I have a Spark DataFrame that looks like this:
root
|-- employeeName: string (nullable = true)
|-- employeeId: string (nullable = true)
|-- employeeEmail: string (nullable = true)
|-- company: struct (nullable = true)
| |-- companyName: string (nullable = true)
| |-- companyId: string (nullable = true)
| |-- details: struct (nullable = true)
| | |-- founded: string (nullable = true)
| | |-- address: string (nullable = true)
| | |-- industry: string (nullable = true)
What I want to do is group by companyId and get an array of employees per company, like this:
root
|-- company: struct (nullable = true)
| |-- companyName: string (nullable = true)
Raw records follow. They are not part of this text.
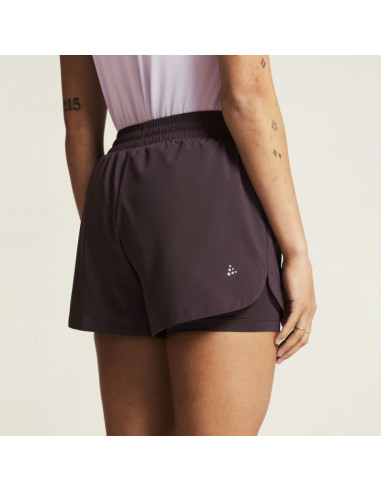 Spodenki craft adv essence 2-in-1 shorts 2 w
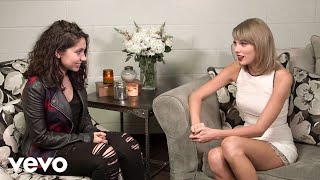 Alessia Cara  Taylor Swift Interviews Alessia Cara Part 1 [upl. by Stewardson]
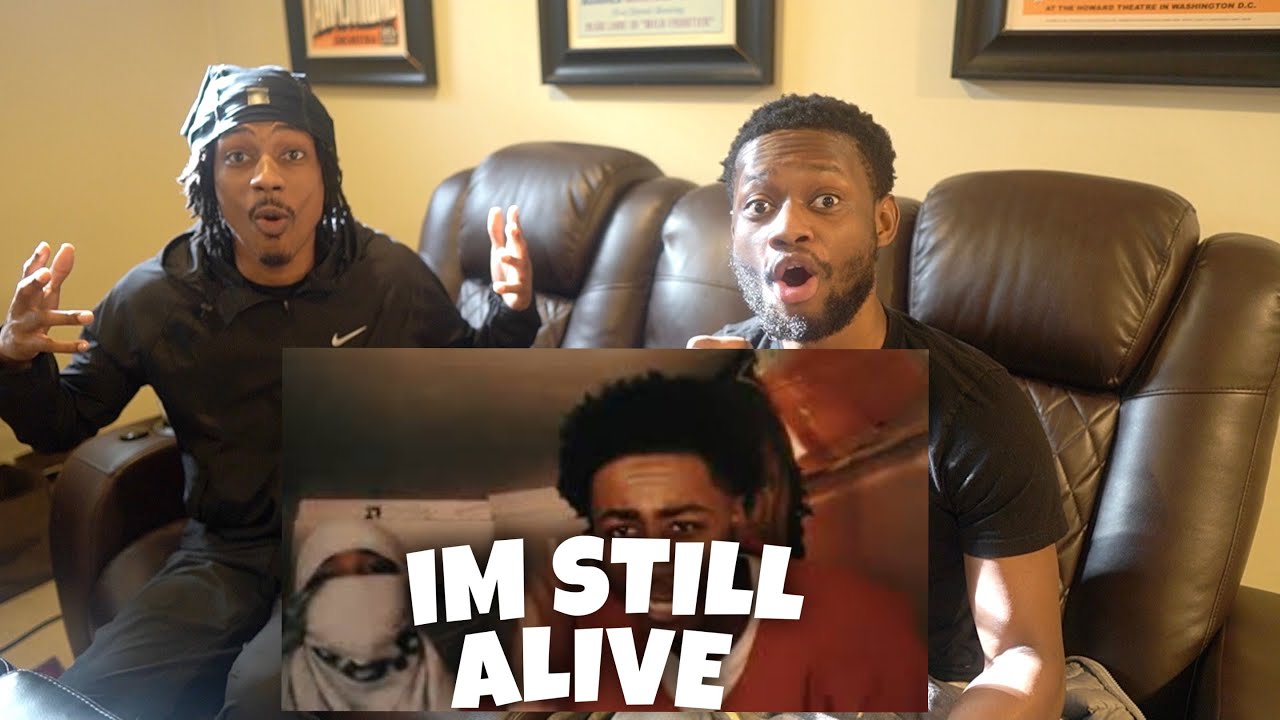 HOPOUTBLICK - IM STILL ALIVE | REACTION! (HE REALLY DID A VIDEO IN JAIL ) |
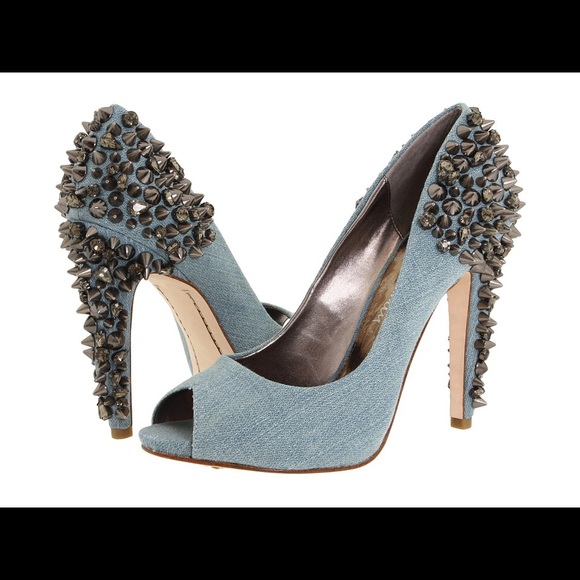sam edelman light blue heels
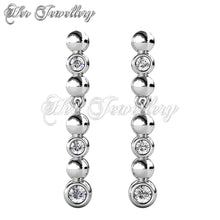 Dangling Evelyne Earrings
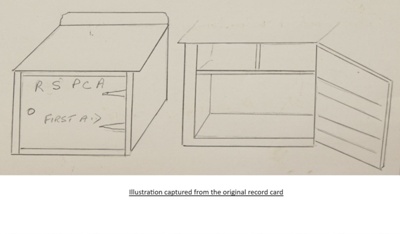 First Aid Box; 1939; STMEA:2011-162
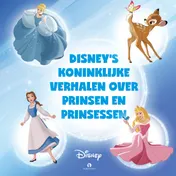 Omslag van Koninklijke Disney verhalen over prinsen en prinsessen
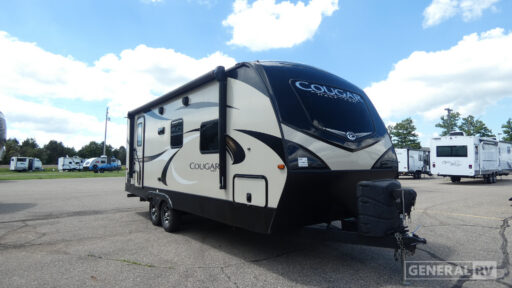 2019 Keystone Cougar Half-Ton 22RBS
| |-- companyId: string (nullable = true)
| |-- details: struct (nullable = true)
| | |-- founded: string (nullable = true)
| | |-- address: string (nullable = true)
| | |-- industry: string (nullable = true)
|-- employees: array (nullable = true)
| |-- employee: struct (nullable = true)
| | |-- employeeName: string (nullable = true)
| | |-- employeeId: string (nullable = true)
| | |-- employeeEmail: string (nullable = true)
Of course, I can easily do that if I just had a pair of (company, employee): (String, String) using map and reduceByKey. But with all the different nested information, I'm not sure what approach to take.
Should I try to flatten everything? Any example to do similar things would be very helpful.